Overview of Testing in MLOps

Saksham Gulati
8 min readJan 6, 2022

--

This article is meant to give user a thorough understanding of the underlying principles of MLOps Testing and underline its importance in the Machine Learning lifecycle.

MLOps Principles

MLOps Lifecycle [source]

As machine learning and AI propagate in software products and services, we need to establish best practices and tools to test, deploy, manage, and monitor ML models in real-world production. In short, with MLOps we strive to avoid “technical debt” in machine learning applications.

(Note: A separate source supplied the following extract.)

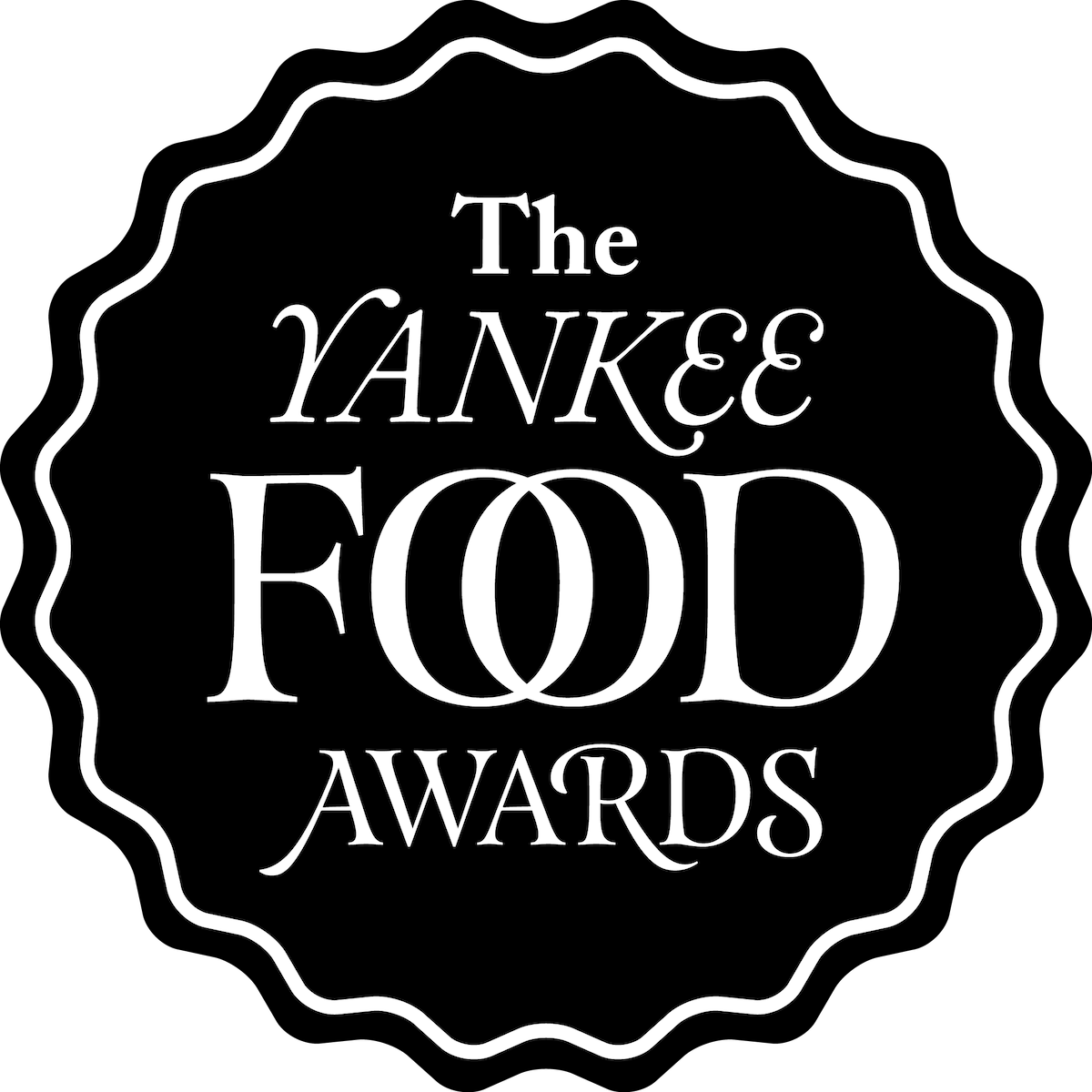 black medallion logo with the text "the yankee food awards" printed inside of it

The level of automation of the Data, ML Model, and Code pipelines determines the maturity of the ML process. With increased maturity, the velocity for the training of new models is also increased. The objective of an MLOps team is to automate the deployment of ML models into the core software system or as a service component. This means, to automate the complete ML-workflow steps without any manual intervention. Triggers for automated model training and deployment can be calendar events, messaging, monitoring events, as well as changes on data, model training code, and application code.

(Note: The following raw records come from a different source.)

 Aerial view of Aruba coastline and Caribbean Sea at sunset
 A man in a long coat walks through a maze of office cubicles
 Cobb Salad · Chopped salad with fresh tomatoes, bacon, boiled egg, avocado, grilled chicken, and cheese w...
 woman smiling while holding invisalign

To adopt MLOps, we see three levels of automation, starting from the initial level with manual model training and deployment, up to running both ML and CI/CD pipelines automatically.

  1. Manual process- This is a typical data science process, which is performed at the beginning of implementing ML. This level has an experimental and iterative nature. Every step in each pipeline, such as data preparation and validation, model training and testing, are executed manually. The common way to process is to use Rapid Application Development (RAD) tools, such as Jupyter Notebooks.
  2. ML pipeline automation- The next level includes the execution of model training automatically. We introduce here the continuous training of the model. Whenever new data is available, the process of model retraining is triggered. This level of automation also includes data and model validation steps.
  3. CI/CD pipeline automation- In the final stage, we introduce a CI/CD system to perform fast and reliable ML model deployments in production. The core difference from the previous step is that we now automatically build, test, and deploy the Data, ML Model, and the ML training pipeline components.
    Automated testing helps discovering problems quickly and in early stages. This enables fast fixing of errors and learning from mistakes.

Testing

The complete development pipeline includes three essential components, data pipeline, ML model pipeline, and application pipeline. In accordance with this separation we distinguish three scopes for testing in ML systems: tests for features and data, tests for model development, and tests for ML infrastructure.

Features and Data Tests

• Data validation: Automatic check for data and features schema/domain.
• Action: In order to build a schema (domain values), calculate statistics from the training data. This schema can be used as expectation definition or semantic role for input data during training and serving stages.
• Features importance test to understand whether new features add a predictive power.
• Action: Compute correlation coefficient on features columns.
• Action: Train model with one or two features.
• Action: Use the subset of features “One of k left out and train a set of different models.
• Measure data dependencies, inference latency, and RAM usage for each new feature. Compare it with the predictive power of the newly added features.
• Drop out unused/deprecated features from your infrastructure and document it.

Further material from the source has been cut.